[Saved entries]
....

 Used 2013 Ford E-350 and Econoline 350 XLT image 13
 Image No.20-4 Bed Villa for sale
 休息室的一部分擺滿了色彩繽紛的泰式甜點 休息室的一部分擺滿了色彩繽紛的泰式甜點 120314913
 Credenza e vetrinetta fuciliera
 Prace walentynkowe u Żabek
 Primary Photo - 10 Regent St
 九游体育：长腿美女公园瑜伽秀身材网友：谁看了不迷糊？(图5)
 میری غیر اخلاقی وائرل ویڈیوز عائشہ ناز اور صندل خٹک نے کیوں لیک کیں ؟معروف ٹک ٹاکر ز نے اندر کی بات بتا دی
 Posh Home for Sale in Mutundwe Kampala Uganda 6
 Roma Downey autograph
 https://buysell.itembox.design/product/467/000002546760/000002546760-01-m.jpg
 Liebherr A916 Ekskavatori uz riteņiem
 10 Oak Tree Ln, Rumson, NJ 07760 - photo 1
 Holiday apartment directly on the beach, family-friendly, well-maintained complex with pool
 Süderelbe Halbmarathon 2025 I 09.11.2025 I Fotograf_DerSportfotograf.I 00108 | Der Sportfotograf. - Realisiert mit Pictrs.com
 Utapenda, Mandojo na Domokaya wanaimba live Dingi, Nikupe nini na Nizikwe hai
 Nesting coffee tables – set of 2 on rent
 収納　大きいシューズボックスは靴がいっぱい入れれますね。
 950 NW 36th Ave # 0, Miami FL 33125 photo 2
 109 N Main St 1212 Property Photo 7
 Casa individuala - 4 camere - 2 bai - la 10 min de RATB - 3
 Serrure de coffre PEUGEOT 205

....

Write out only what runs from the line holding "109 N Main St 1212 Property Photo 7" through the last line of the records, exactly as shown.

 109 N Main St 1212 Property Photo 7
 Casa individuala - 4 camere - 2 bai - la 10 min de RATB - 3
 Serrure de coffre PEUGEOT 205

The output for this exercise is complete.